Women are in danger of losing a perfectly safe and effective device for urinary incontinence, as the scandal over transvaginal mesh catches mid-urethral slings in its wake.
Early last year the Senate in Canberra launched an inquiry in response to women coming forward with reports of serious side-effects from mesh implants.
While many have welcomed the opportunity to address problems around mesh, leading gynaecologists expressed concern at last week’s RANZCOG Annual Scientific Meeting in Adelaide that the commission had bundled slings into the same category.
“There’s not a gynecological operation that’s been studied more than mid-urethral slings for stress incontinence,” former AMA president Dr Michael Gannon told The Medical Republic.
If the new regulations were well-considered, perhaps resulting in a more carefully selected group of patients being given transvaginal mesh for pelvic organ prolapse by a smaller group of highly trained gynecological surgeons, that would likely be a positive, he said.
“But one of the messages that the Senate Committee didn’t get was that mesh for transvaginal prolapse and midurethral slings for stress incontinence are two completely different processes.”
As such, it would be “a great shame” if the backlash led to a whole new group of victims who would be denied “a very safe and very effective treatment for a very disabling condition”, he said.
In Australia, an estimated 30,000 to 40,000 procedures using mesh for the treatment of vaginal prolapse have been performed, and more than 100,000 procedures using tape for stress urinary incontinence have been conducted.
Quality-of-life questionnaires had found that women with urinary incontinence sometimes score as badly as those with neurodegenerative conditions and cancers, and the reality for many women with the condition was constant toilet mapping, avoiding social situations, declining invitations and becoming more and more housebound, Dr Gannon said.
But already this year, the TGA removed the listing for transvaginal mesh for prolapse and single incision slings and asked for updates on the Instructions For Use (IFU) that resulted in the shipment of the most studied sling being for a few months, Melbourne urogynaecologist Associate Professor Anna Rosamilia told the audience in Adelaide.
In the UK and the US, regulations have already restricted the use of slings for stress urinary incontinence, with doctors in England unable to perform the procedure until March when more vigilance measures will have been established.
One of the reasons for this broad alarm was the impact that the personal stories of victims had on the senators, Dr Gannon said.
“They saw a group of very brave, injured women, and I think came up with some recommendations that, while some of them are appropriate, some of them have the potential to harm a future cohort of women who’ll be denied appropriate treatments.”
Community activism has been a powerful driver of action on this front, with passionate groups emerging on Facebook in Australia, New Zealand and globally.
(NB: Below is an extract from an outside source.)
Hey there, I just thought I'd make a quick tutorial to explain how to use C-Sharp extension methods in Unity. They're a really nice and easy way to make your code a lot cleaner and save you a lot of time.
During the recent launch of the TGA’s Facebook page, early posts quickly filled with comments of women complaining about the adverse effects they attributed to the mesh.
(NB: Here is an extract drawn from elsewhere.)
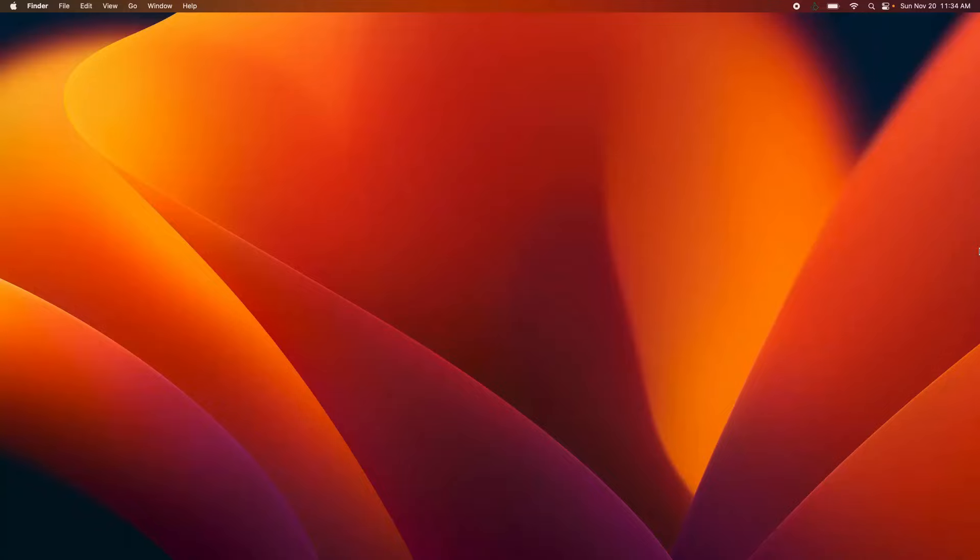Welcome everyone to this video. Today I want to show you how to quickly and easily move your dock between different monitors. Here we are on this second monitor and you can see that the dock is not visible.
Professor Steve Robson, president of RANZCOG, said there had been extraordinary hostility levelled at him after posting a video apologising to women harmed by transvaginal mesh on the college’s website.
In the time it took him to fly from Canberra to Perth following the post, he said he had received 203 personally vitriolic emails, one saying: “Your practice is not a medical practice. You run an abattoir, and you specialise in butchery.”
While he said it was “devastating” for the college to be accused of “having a problem with women”, Professor Robson said he also recognised that this issue highlighted the need for the profession to not uncritically accept the assessments and processes of other organisations, such as assuming the devices were safe because the TGA had approved them.